Still, he reflected, it was probably for the best.
It was a universal truth that every dwarven fortress, prison, and settlement was reliant on four things: booze, metal, overseers, and a steady stream of failures. (However much of a tautology the last two might be.) Steel, iron, and a number of other precious metals were in abundance, at least, despite the lack of things being forged. But the alcohol situation – that was rather more troubling. Even without the roughnecks busily knocking back keg after keg in the tavern, there were barely a dozen barrels of brew in the whole prison.

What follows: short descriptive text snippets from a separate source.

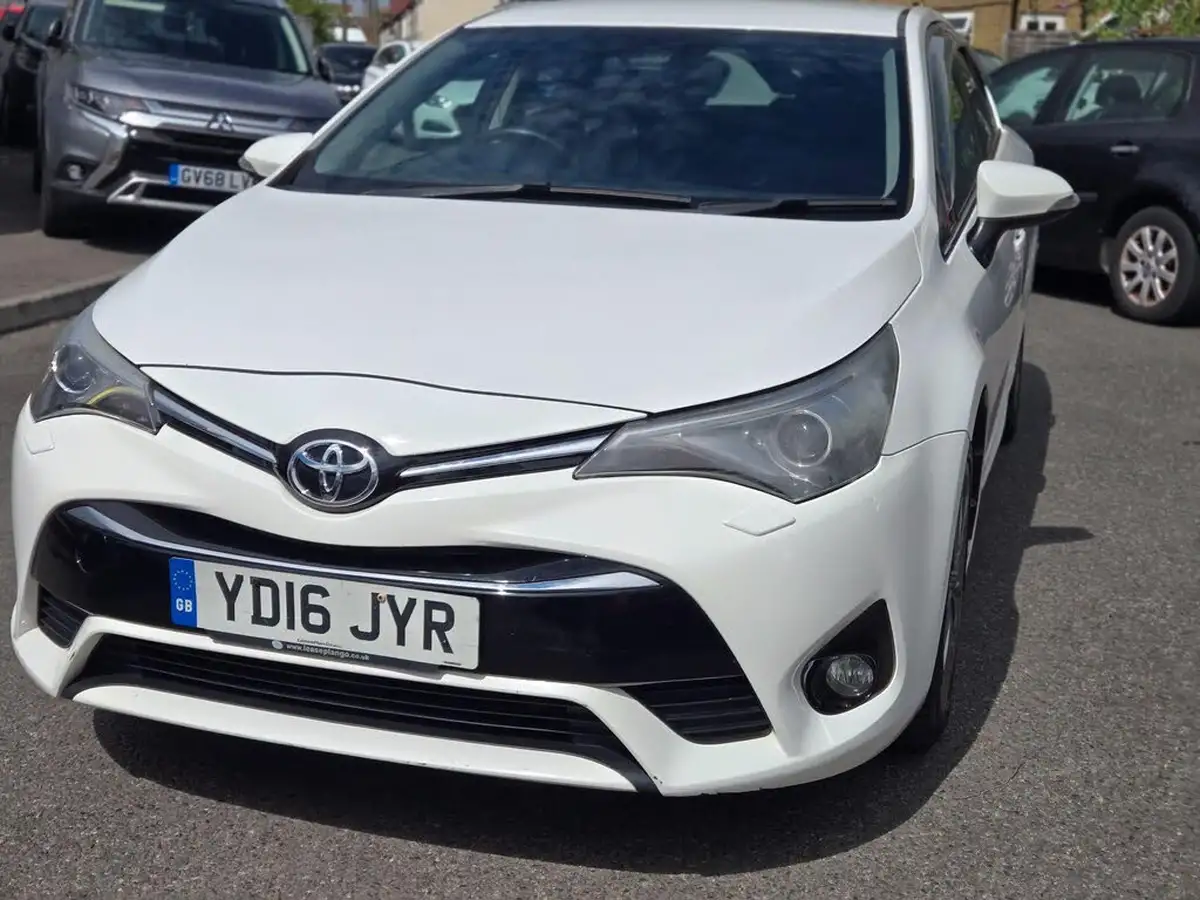 2016-toyota-avensis-20d-4d-excel-saloon-4d-big-4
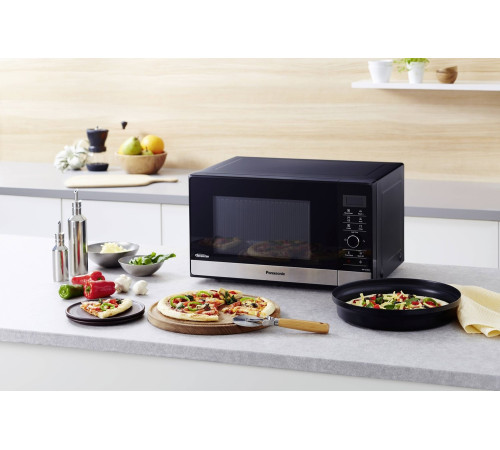 Мікрохвильова піч інверторна з грилем Panasonic NN-GD38HSZPE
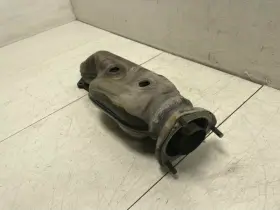 077.253.033 Audi A8 4.2 Quattro 2003 2006 Front Left Driver Side Exhaust Manifold Factory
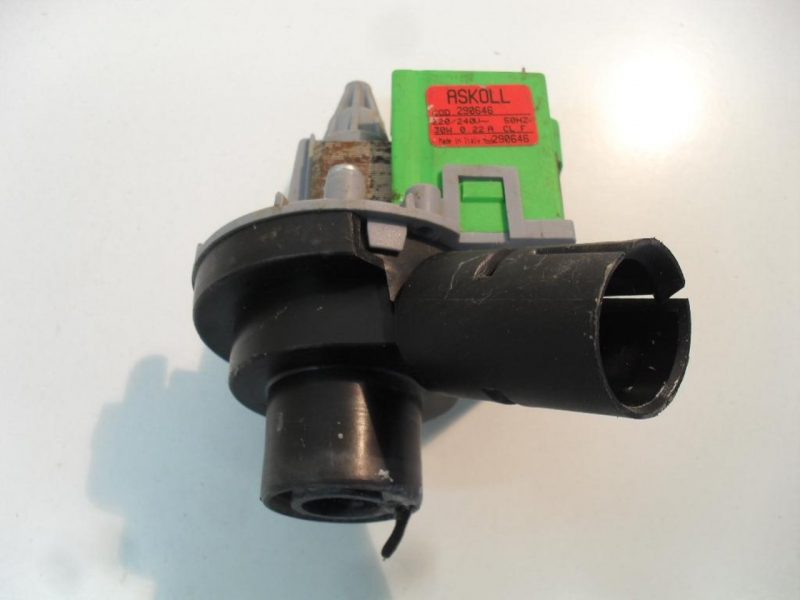 Pompa scarico lavastoviglie Whirlpool ADG 684/6 cod 290646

As if to purposefully stoke his ire higher, the new company policy in the introductory file demanded that a form several pages thick be filled out before a production order be issued. He was halfway through filling it out when a cry went up from outside:
Swiftly following that was the heavy crash of armoured footsteps, and the sound of shouting. He paused for a moment, hesitant, then returned to the form again. Again, he was soon broken from it as one of the militia’s captains came crashing in through the open doorway, iron spear in hand. Her face was twisted into a look of fury, teeth bared in a snag-toothed snarl and her cheeks red with exertion.
“Well, should’ve known this was going to happen sooner or later…” Quantum muttered, raising his head with a muffed groan. He tilted backward slightly in his chair, giving the militia captain a clear shot at his chest. “I know what you’re here for, Captain. Get on w –”

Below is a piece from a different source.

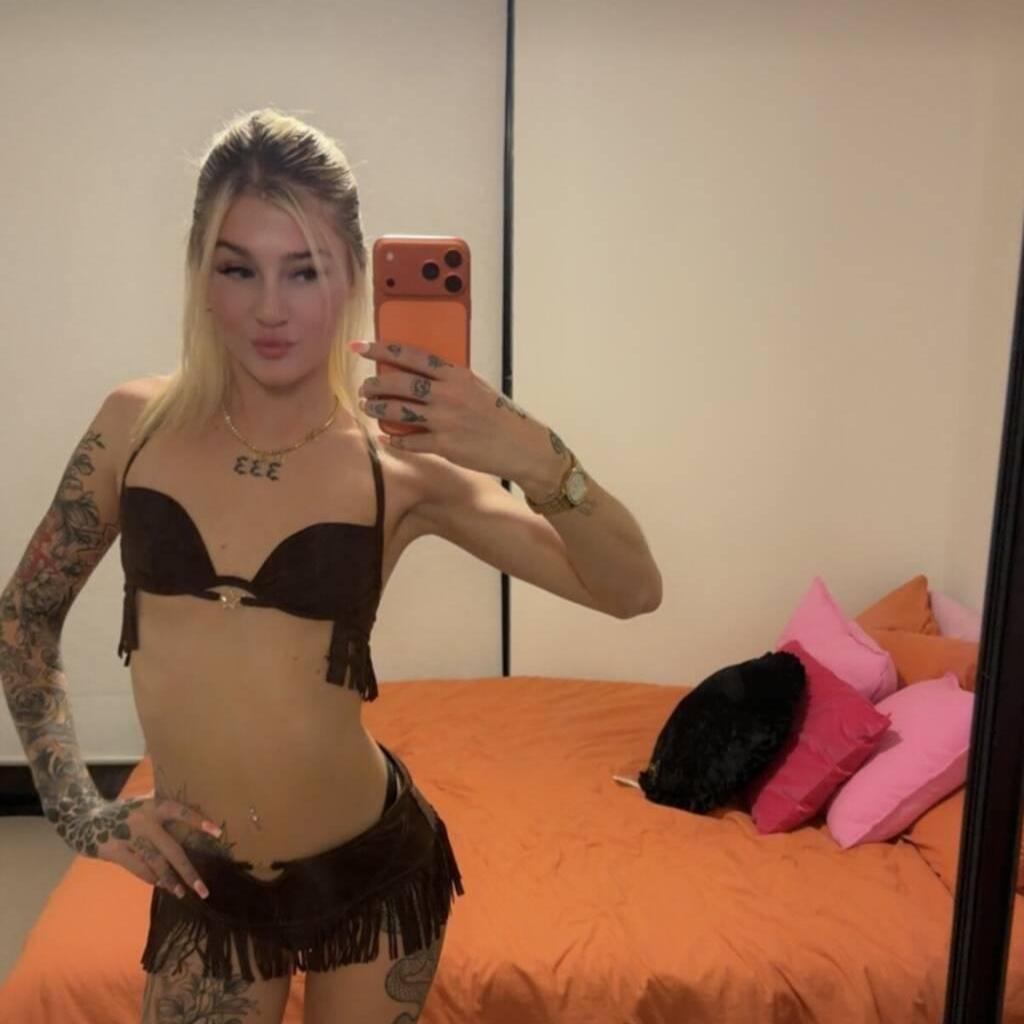 
                        Summer
                     is Female Escorts. | Comox Balley | British Columbia | Canada | canadatopescorts.com 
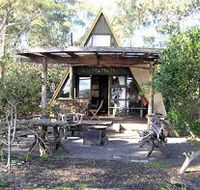 Poppies on the Beach and the Outrigger - Accommodation 4U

“I assure you, overseer, you bloody well don’t!” The captain snapped, raising her spear to point back toward the fortress gates. “Bastard in some kind ‘a fat suit’s out there, tearing a couple of the bards up. We can get out there an’ try to rescue ‘em, or leave the poor bastards and focus on whacking it. What’re your orders?”
“Do what you think is necessary.” He was already returning his stare to the form. “So long as they don’t get in.”
The militia captain halted for a moment, staring incredulously at the overseer, before shaking her head and departing at a run, slamming the door behind her. Silence reigned for a few minutes more. He took a sip from the mug on his desk, silently enjoying the burn from the alcohol. It was a recommendation of the doctor’s – a way of lifting his mood, and giving him the energy needed to deal with the endless reams of paperwork seemingly needed for anything.
He was almost finished with the form when there was another knock at the door, this one strong enough to send it swinging in on its hinges and crack off the stone wall beside it. Quantum started in surprise at the noise, the jerk of his arm accidentally knocking his inkwell over. A black flood of ink rolled over several of the papers on his desk; only a frantic scramble and luck kept it from blotting out the form he had been filling in.
“Armok give me strength!” Quantum growled, stabbing his pen back down into the righted well and starting at the doctor. “What is it this time?”
“Just me, Quantum.” Dr. Lolorodem swaggered in through the doorway with a grin on her face, eyes flashing with excitement above the restraint-mask that hung around her neck. “Did you hear the news?”
“About the attack?”
“Aye! We’ve got a bunch of those bloody malefactors incoming. I already saw that thing gut one of these irritating minstrels in front of me, Quanty.” Dr. Lolorodem’s tongue flicked out over her dry lips, putting him in mind of a lizard about to strike at its prey. “And I want them. I want to see what makes them…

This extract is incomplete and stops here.